Our analysis showed that the events leading to this began on the evening before when we added a new public IPv4 network to our infrastructure.

This action is done in our inventory system and propagates to our machines within a few minutes. We watched our systems closely in the hour after the change but did not see any adverse effects.

But: our networking infrastructure uses "policy routing" to ensure LAN-level performance when multiple machines talking to each other may be using different IP networks on the same LAN segment. Using different networks is a result of global IPv4 exhaustion which requires us to pack public IPs as compact as possible and use multiple smaller networks that can not be aggregated into larger networks when new addresses are needed. Services that grow over time may thus be using IPs from multiple generations of networks. If those want to talk to each other they could do so by passing the traffic through our router. This has, however, a small performance penalty that some applications had issues with a few years ago.

Since then we have already switched to using a large private IPv4 network instead of public IPv4 addresses for new machines which eliminates this issue for the foreseeable future. Also, using IPv6 for talking within the data center eliminates this for a long time.

Nevertheless, the existing policy routing infrastructure requires all machines (physical and virtual) to be informed about all networks that exist in our environment. Changing this configuration (by adding a new network) causes a maintenance job to be scheduled for every machine (at a convenient time) because a service interruption of a few seconds is required to reconfigure the network interfaces.

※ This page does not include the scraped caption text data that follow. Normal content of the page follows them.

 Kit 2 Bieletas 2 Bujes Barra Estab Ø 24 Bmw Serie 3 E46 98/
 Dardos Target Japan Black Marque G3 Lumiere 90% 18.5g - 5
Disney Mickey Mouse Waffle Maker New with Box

This reconfiguration is automatically scheduled for a short window of 1 minute. In this incident, our KVM servers scheduled their maintenance windows for the next morning. However, KVM servers require some time to first evacuate all VMs before performing potentially disruptive maintenance. In the case of large and busy VMs this can even take hours. The schedule however, planned for all virtualisation servers to perform their maintenances consecutively within 2 hours. This resulted in too many KVM servers trying to evacuate at the same time. In general we protect against this, but we are currently working on a race condition where virtual machines can require memory on their new target host while it has not yet outmigrated other machines that should not be using this memory any longer.

We already knew about this issue and had thus stopped performing code releases that require large scale maintenances without proper manual observance. This time we did not manage to expect this behaviour as usual changes in our inventory do not have such wide spread effects.

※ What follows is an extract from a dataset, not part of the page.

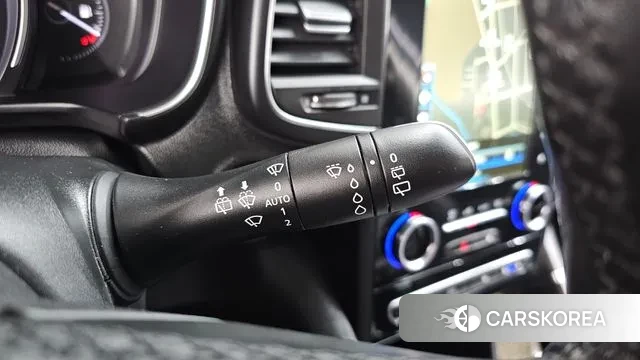 Renault Korea (Samsung) The New QM6 id 3454495 из Кореи 8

The situation was quickly stabilized by stopping our automation and manually cleaning up all virtualization hosts over the day.

After reviewing this scenario we have decided for the following future platform improvements:

Virtualization server maintance scripts will receive a "safety seatbelt" that completely prohibits automated maintenance scheduling without manual intervention. This avoids the escalating buildup of issues.
Our maintenance duration prediction algorithm will include evacuation time of KVM hosts to reduce parallel stress that can be adequately predicted.
We will remove our policy routing infrastructure as we have more modern approaches available now that do not require it. This reduces overall network complexity and will reduces the requirement of global changes when adding or removing networks making them more robust.
We have originally not planned to upgrade all our existing virtualization servers with 10 GB ethernet and just let this organically grow whenever new machines are added. We are going to review this decision to support faster migrations that will have less impact on running services and will thus also reduce the impact of such large scale maintenance periods.

We apologize for the inconvenience and are grateful for your continued trust of delivering a highly reliable platform and service.

As always, we welcome your feedback: send me an email to ct@flyingcircus.io if you want to get in touch.

Christian Theune CEO / Founder

Posted Aug 08, 2017 - 13:10 CEST

Resolved

All KVM hosts have successfully applied their maintenance. A single VM experienced a reboot during the migrations last night, but otherwise everything went smooth. We have rebalanced VMs in the cluster this morning for even load distribution and are back to normal.

We're sorry for any inconvenience and will provide a post mortem in the next days.

Posted Aug 03, 2017 - 12:09 CEST

Monitoring

We're sorry for the long time since the last update. We have stabilized the situation when we noticed the issue this morning. At the moment we are manually performing the required maintenance windows for all KVM hosts while ensuring that no accidental overload happens again. We are about half way through at the moment and see regular behaviour on all systems. We will update the issue once we're completely done.

Posted Aug 02, 2017 - 14:45 CEST

Identified

Today several VMs rebooted unexpectedly, or where unresponsive.

Several VM hosts started maintenance at the same time. This caused the remaining hosts to be overloaded. We are reviewing the situation now. Some VMs will be slower than usual.

Posted Aug 02, 2017 - 09:22 CEST